Dabei soll der krebskranke Präsident nach seiner Wiederwahl im Oktober am 10. Jänner angelobt werden und damit seine mittlerweile vierte Amtszeit antreten. Derzeit weilt er weiterhin in einem Krankenhaus auf Kuba. Ob er rechtzeitig zurückkehrt, ist ungewiss. Zeigt er sich nicht persönlich zur Angelobung in zwei Wochen, müssten innerhalb von dreißig Tagen Neuwahlen stattfinden. Das hat Chávez selbst in der Verfassung von 1999 festgelegt.

Revolutionäre Attitude

Doch ein Venezuela ohne Chavez ist für viele nicht vorstellbar - auch von der politischen Bildfläche Lateinamerikas ist er kaum mehr wegzudenken. Genauso wie seine USA-Tiraden, seine Verbal-Attacken in Richtung Westen und Kapitalismus. Nicht zuletzt durch seine revolutionäre Attitüde hat sich Hugo Chávez eine Position im Weltgeschehen ereifert. Immer wieder näherte sich der Exzentriker Regimen wie dem Iran, Weißrussland oder China an. Für Staaten wie Bolivien, Kuba oder Ecuador sind die Öl-Milliarden ihres Unterstützers sogar existentiell geworden. Dabei ist der Sozialist nicht unumstritten: In seinem Machtapparat unterliegen Armee, Staatsverwaltung, Parlament und die Justiz dem Wort des Präsidenten. Gegen seine Wiederwahl demonstrierten im Oktober hunderte Venezolaner.

Chaotische Übergangsphase könnte folgen

Nun hat Chávez einige seiner Befugnisse an Vize Nicolás Maduro delegiert. Und damit erstmals bestätigt, dass er möglicherweise keine weitere Amtszeit ausüben kann. Maduro gilt als farbloser aber loyaler Abklatsch von Chávez. Er verfügt weder über eine militärische noch eine akademische Laufbahn.

Und auch wenn Chávez seinen Vize Maduro als Wunschkandidat präsentiert, müssen seine Anhänger und seine Partei dem nicht Folge leisten. Eine chaotische Übergangsphase könnte folgen. Denn neben Maduro zeigt sich auch Parlamentspräsident Diosdado Cabello am Amt interessiert, berichtet die spanische Tageszeitung El País. Laut Beobachtern habe er die tatsächliche Kontrolle über die Partei und das Parlament.

Chávez ruft zur Einheit auf und stärkt seinem Kronprinzen Maduro den Rücken. Denn ein Machtkampf könnte sich auf die Erdölindustrie negativ auswirken. Und damit auch auf die ökonomische Grundlage des Landes.
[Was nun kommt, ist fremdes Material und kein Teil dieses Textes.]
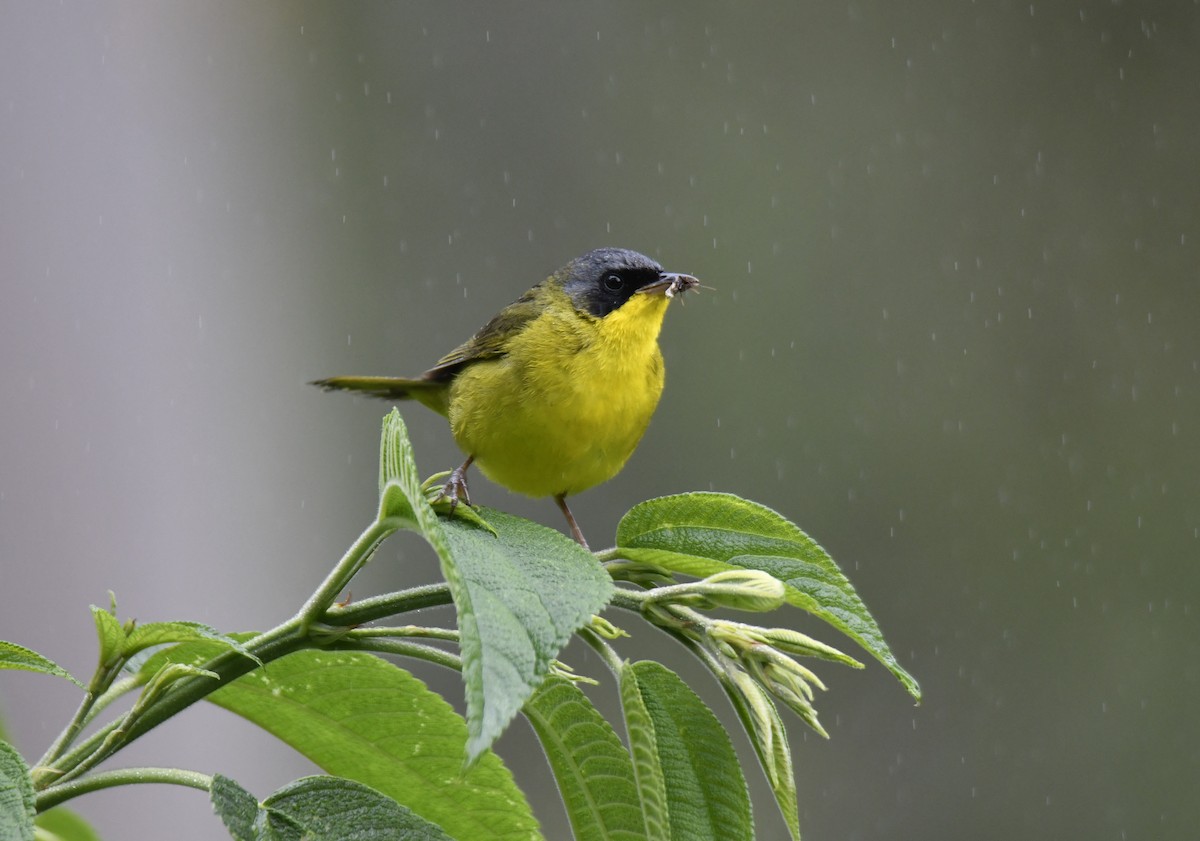 Southern Yellowthroat - ML644379508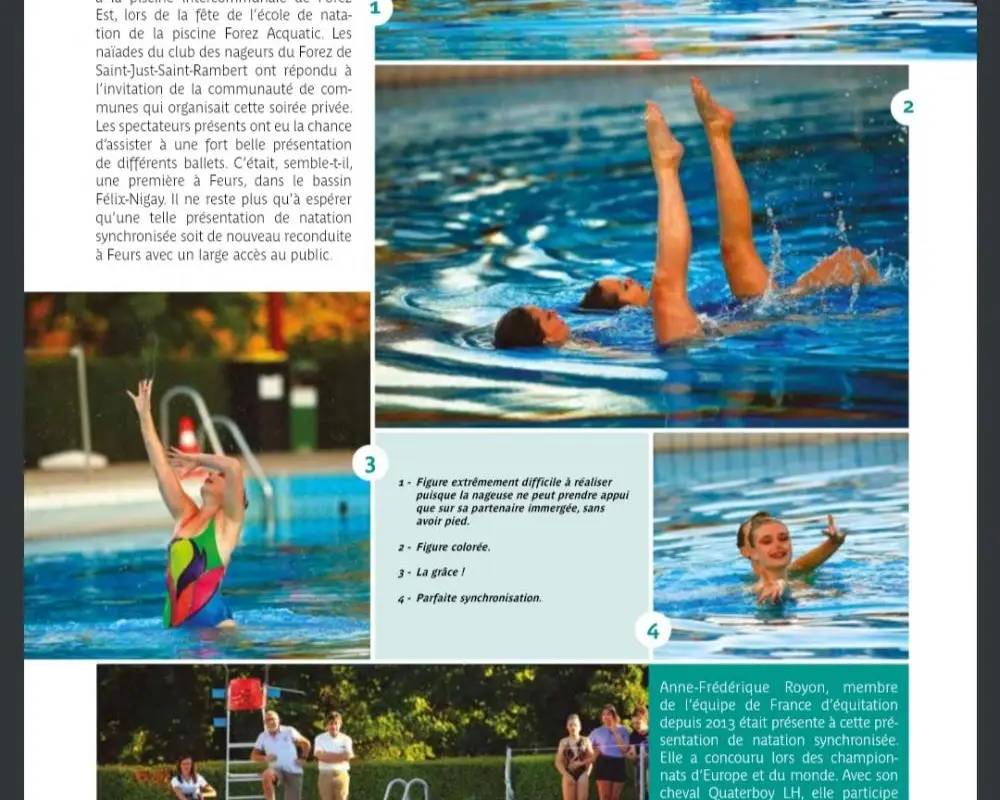 Club des Nageurs du Forez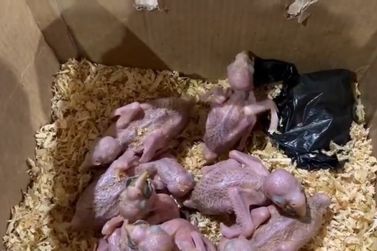 Papagaio nasce durante apreens&atilde;o de aves escondidas em caixa na Ponte da Amizade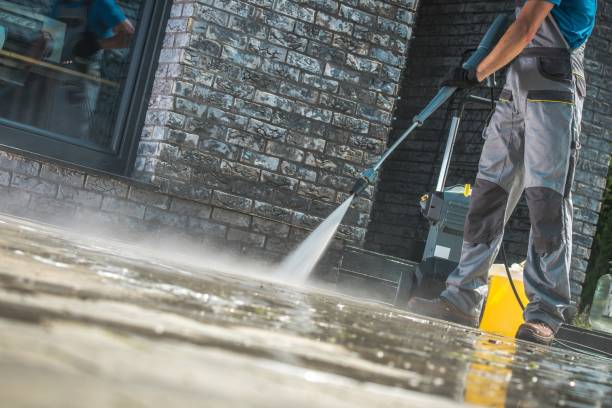 Best Graffiti Removal  in Okemos, MI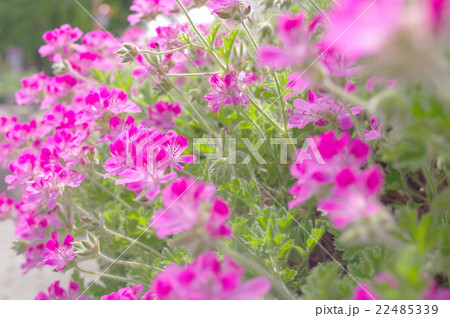 一面に咲くセンテッドゼラニウム 一面に咲くセンテッドゼラニウム 22485339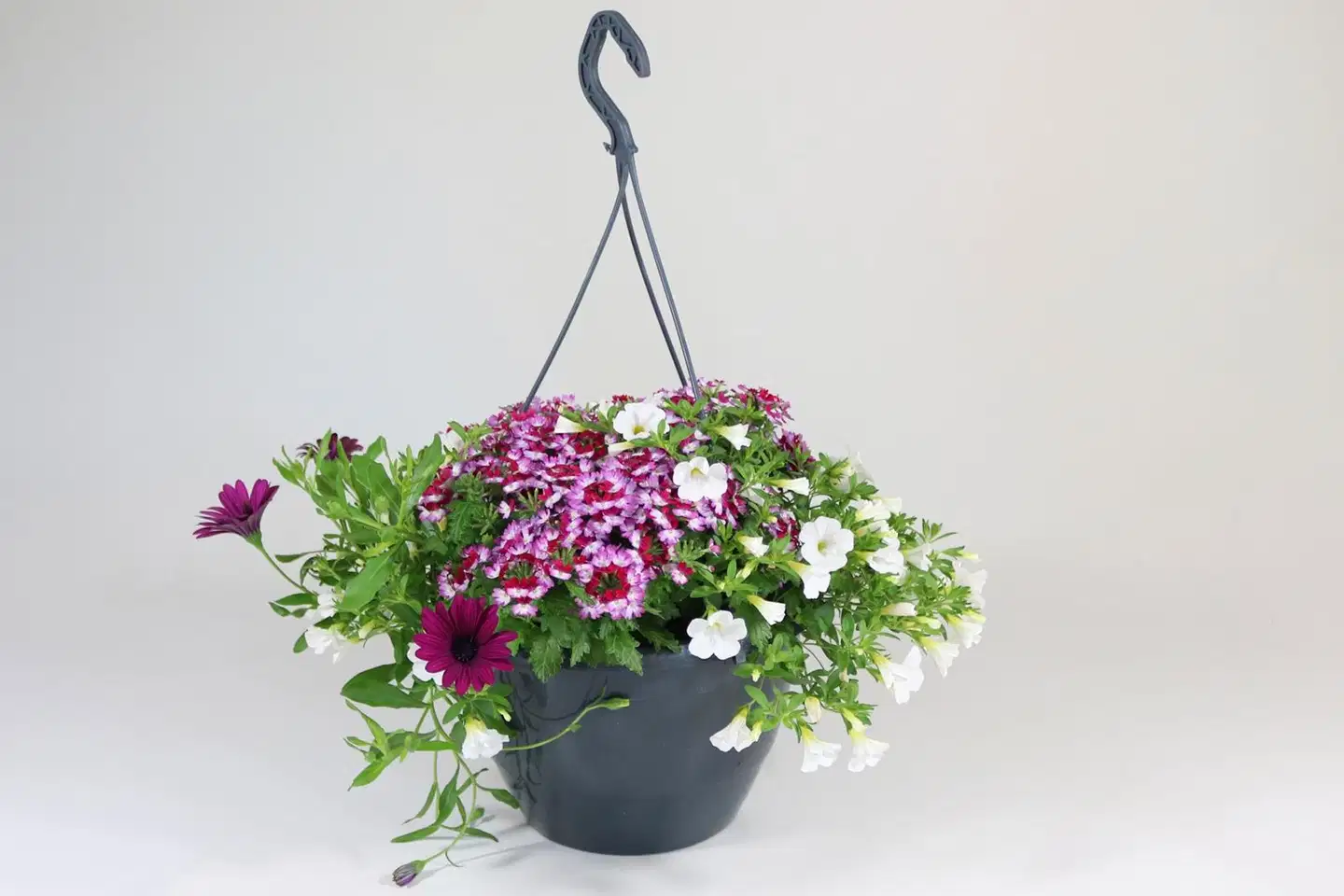 Trixi-kesäkukka 27 cm altakasteluamppelissa. Kolme eri lajia tai lajiketta samassa ruukussa. - 5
Über die genaue Art des Krebsleidens gibt es kaum offizielle Informationen. Es soll sich aber um einen Tumor im Unterleib handeln. Bestätigt ist, dass Hugo Chávez Mitte Dezember zum vierten Mal in Kuba operiert wurde. Insgesamt soll der Präsident 2012 über 200 Tage im kubanischen Spital verbracht haben, berichtet El Nacional.

Auf Twitter türmen sich seit Wochen Gerüchte über den baldigen Tod des Präsidenten. Auch die Opposition fordert klarere Informationen bezüglich der Verfassung des Staatspräsidenten. Offizielle Stimmen versuchen die Spekulationen zu entkräftigen und rufen zum gemeinsamen Beten auf. Am Donnerstag betonte sein Vize Maduro, dass Chávez´ Lebenswille "gigantisch" sei. Und auch die Tochter bestätigt über Twitter, dass ihr Vater lebt und sie bei ihm ist:

Der in den USA lebende venezolanische Arzt José Rafael Marquina erklärte allerdings im April, dass Chavez nur noch eine Lebenserwartung von rund sieben Monate habe. Gleichzeitig betonte er damals, dass das Volk des südamerikanischen Landes von der Regierung bezüglich des tatsächlichen Gesundheitszustandes getäuscht werde. Der Mediziner gab an, dass er Zugang zu vertraulichen Berichten des Ärzte-Teams des venezolanischen Präsidenten habe. Vor den Wahlen wurde offiziell verkündet, dass Chávez geheilt sei.